## WORK ITEM:
The whole listing needs to be written out exactly, except for any images.

(DATA BELOW Opens)

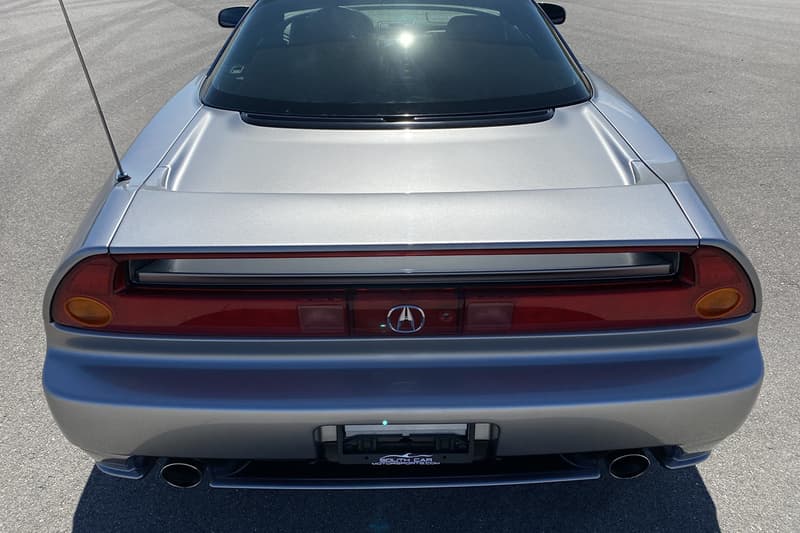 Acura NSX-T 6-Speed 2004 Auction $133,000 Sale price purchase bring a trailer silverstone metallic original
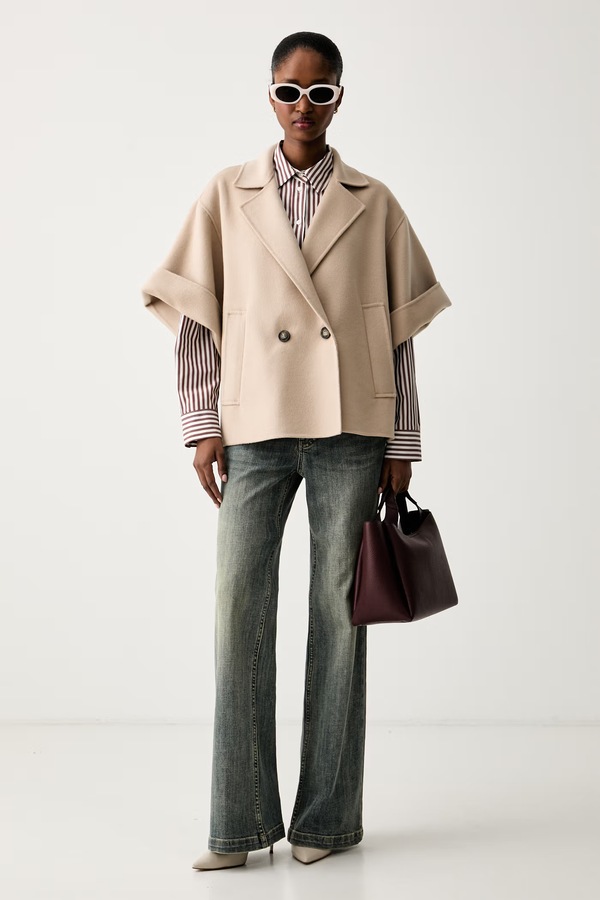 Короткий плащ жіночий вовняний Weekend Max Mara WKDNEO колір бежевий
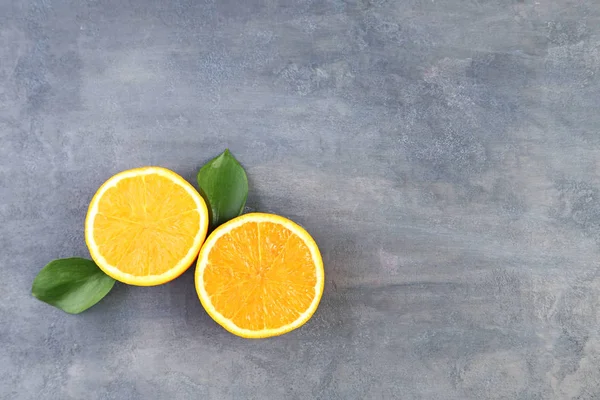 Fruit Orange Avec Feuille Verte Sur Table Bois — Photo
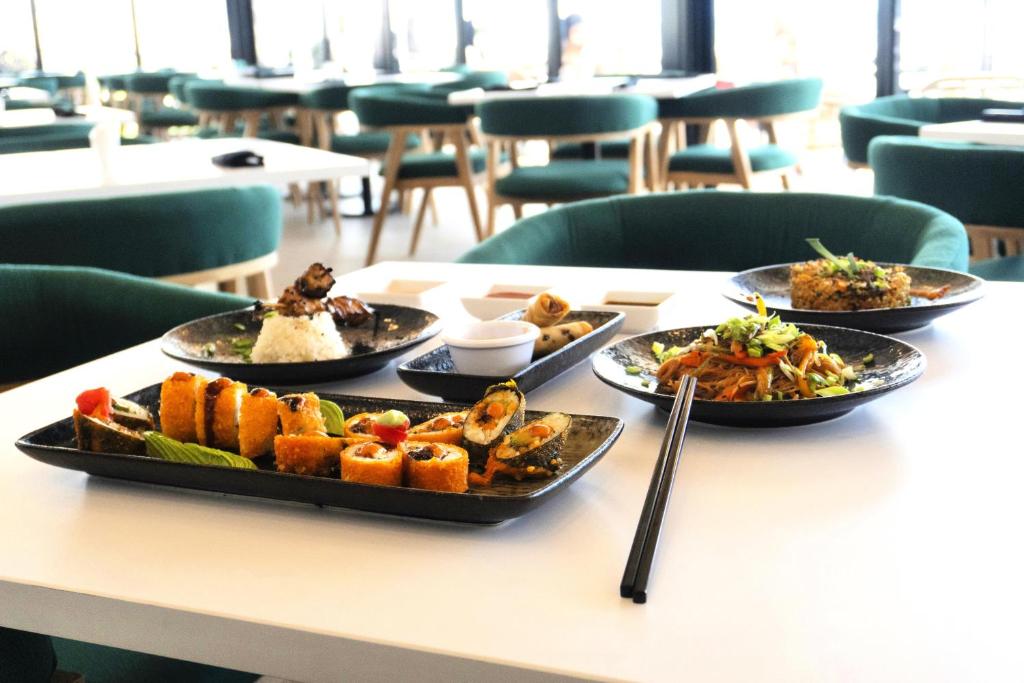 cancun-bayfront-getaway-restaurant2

(DATA BELOW Closes)

## SOLUTION TO THIS TASK:
 Acura NSX-T 6-Speed 2004 Auction $133,000 Sale price purchase bring a trailer silverstone metallic original
 Короткий плащ жіночий вовняний Weekend Max Mara WKDNEO колір бежевий
 Fruit Orange Avec Feuille Verte Sur Table Bois — Photo
 cancun-bayfront-getaway-restaurant2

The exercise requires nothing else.